Cette position du président Deby « est de nature à semer la confusion au sein de l’opinion au moment où le pays souffre davantage des conséquences dramatiques liées au 3ème mandat illégal et illégitime », contredit le Cnared.

Lors du 1er mandat, « M.Nkurunziza n’a pas été désigné comme le prétend le président tchadien, mais bel et bien élu au suffrage indirect par le Parlement, conformément à l’article 8 de la Constitution du Burundi. Ce 1er mandat de cinq ans est donc constitutionnel », soutient le Cnared.
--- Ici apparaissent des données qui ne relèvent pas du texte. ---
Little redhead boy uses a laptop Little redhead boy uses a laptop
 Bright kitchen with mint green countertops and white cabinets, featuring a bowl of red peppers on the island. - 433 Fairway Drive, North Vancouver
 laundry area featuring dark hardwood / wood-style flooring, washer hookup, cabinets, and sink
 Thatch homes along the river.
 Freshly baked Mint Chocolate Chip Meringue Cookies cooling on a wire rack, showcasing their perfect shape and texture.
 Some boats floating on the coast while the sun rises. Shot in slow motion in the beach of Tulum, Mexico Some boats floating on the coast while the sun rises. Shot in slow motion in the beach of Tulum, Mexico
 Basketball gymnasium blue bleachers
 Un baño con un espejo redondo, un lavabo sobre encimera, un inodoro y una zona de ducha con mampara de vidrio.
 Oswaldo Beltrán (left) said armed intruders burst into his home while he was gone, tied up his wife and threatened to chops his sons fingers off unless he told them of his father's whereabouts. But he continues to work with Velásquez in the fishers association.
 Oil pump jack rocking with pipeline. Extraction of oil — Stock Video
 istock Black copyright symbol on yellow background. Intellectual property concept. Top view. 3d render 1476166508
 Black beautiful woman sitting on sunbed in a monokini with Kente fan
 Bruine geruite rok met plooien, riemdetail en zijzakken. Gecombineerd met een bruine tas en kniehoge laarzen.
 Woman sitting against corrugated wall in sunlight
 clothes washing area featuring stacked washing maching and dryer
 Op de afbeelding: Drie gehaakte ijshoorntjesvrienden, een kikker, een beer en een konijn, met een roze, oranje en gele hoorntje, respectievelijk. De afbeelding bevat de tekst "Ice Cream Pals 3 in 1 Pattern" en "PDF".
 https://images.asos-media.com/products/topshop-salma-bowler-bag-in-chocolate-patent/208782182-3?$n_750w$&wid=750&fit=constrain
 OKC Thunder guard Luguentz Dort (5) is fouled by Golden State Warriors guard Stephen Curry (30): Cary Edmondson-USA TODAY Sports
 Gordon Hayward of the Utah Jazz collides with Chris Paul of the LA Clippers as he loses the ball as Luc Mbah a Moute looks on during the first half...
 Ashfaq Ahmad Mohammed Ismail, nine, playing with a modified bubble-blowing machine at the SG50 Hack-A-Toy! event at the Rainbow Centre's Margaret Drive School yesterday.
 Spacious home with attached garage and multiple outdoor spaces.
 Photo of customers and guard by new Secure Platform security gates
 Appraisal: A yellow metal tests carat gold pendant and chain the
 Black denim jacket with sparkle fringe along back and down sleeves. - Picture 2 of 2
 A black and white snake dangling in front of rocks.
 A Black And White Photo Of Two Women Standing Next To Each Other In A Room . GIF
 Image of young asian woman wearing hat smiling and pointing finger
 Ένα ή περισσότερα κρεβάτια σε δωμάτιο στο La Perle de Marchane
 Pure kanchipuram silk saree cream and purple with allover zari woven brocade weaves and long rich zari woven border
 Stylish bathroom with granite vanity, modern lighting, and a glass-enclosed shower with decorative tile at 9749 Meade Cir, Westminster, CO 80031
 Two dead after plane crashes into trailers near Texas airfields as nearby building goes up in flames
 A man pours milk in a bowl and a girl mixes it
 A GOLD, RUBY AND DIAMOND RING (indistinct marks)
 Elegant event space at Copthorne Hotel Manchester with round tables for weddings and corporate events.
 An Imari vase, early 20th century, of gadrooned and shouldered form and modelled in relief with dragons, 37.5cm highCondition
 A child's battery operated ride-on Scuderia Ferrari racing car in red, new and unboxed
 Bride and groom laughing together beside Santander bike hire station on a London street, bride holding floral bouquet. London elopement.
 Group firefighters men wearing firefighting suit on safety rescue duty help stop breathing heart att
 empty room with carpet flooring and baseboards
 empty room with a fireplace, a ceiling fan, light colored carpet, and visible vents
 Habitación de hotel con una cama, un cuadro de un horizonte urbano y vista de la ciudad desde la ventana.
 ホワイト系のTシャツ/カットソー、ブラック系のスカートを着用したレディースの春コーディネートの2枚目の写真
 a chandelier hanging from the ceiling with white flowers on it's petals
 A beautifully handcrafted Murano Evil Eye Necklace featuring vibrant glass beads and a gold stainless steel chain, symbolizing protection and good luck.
Par ailleurs, l’Accord d’Arusha pour la paix et la réconciliation, « matrice de la loi fondamentale », précise, dans son protocole II, art 7, alinéa 3, qu’un président « est élu pour un mandat de cinq ans renouvelable une seule fois. Nul ne peut exercer plus de deux mandats présidentiels », argumente encore l’opposition.

En conséquence, le Cnared demande au président Deby de « ne pas confondre le mode électoral et le nombre de mandats » et de se rappeler avoir reconnu « l’illégalité du 3ème mandat » de son homologue burundais dans un passé encore récent.

En tant que président de l’organisation panafricaine, M.Deby ferait plutôt mieux de s’approprier les décisions antérieures de l’UA au sujet de la crise burundaise, notamment le déploiement de la force africaine de prévention et de protection au Burundi (Maprobu, 5.000 militaires et policiers), suggère le Cnared.

D’un autre côté, le président en exercice de l’UA devrait plutôt conseiller son homologue burundais d’autoriser l’application de la Résolution 2303 du Conseil de Sécurité des Nations unies, ainsi que la Résolution Hrc 33 du Conseil des droits de l’Homme des Nations unies et de lui souffler que se retirer de la Cour pénale internationale (cpi ), « c’est se mettre la corde au cou », conclut le communiqué.

La Résolution 2303 prévoit l’envoi de 228 policiers des Nations unies pour suivre de près l’évolution de la situation des droits humains au Burundi. L’autre Résolution Hcr 33 du Conseil des droits de l’Homme des Nations unies crée une commission internationale d’enquête sur la situation des droits humains au Burundi.

Le gouvernement burundais vient de décider de se retirer de la Cour pénale internationale qui a déjà lancé un examen préliminaire sur les auteurs présumés des atteintes aux droits humains au Burundi depuis le mois d’avril dernier.

Toutes ces résolutions et démarches de la Communauté internationale ont été déjà rejetées par le gouvernement burundais, au nom de la « souveraineté nationale ».

Le gouvernement burundais garde la porte ouverte à une force de police africaine de 200 observateurs dont le déploiement ne tiendrait plus qu’à la conclusion d’un mémorandum d’entente entre les deux parties.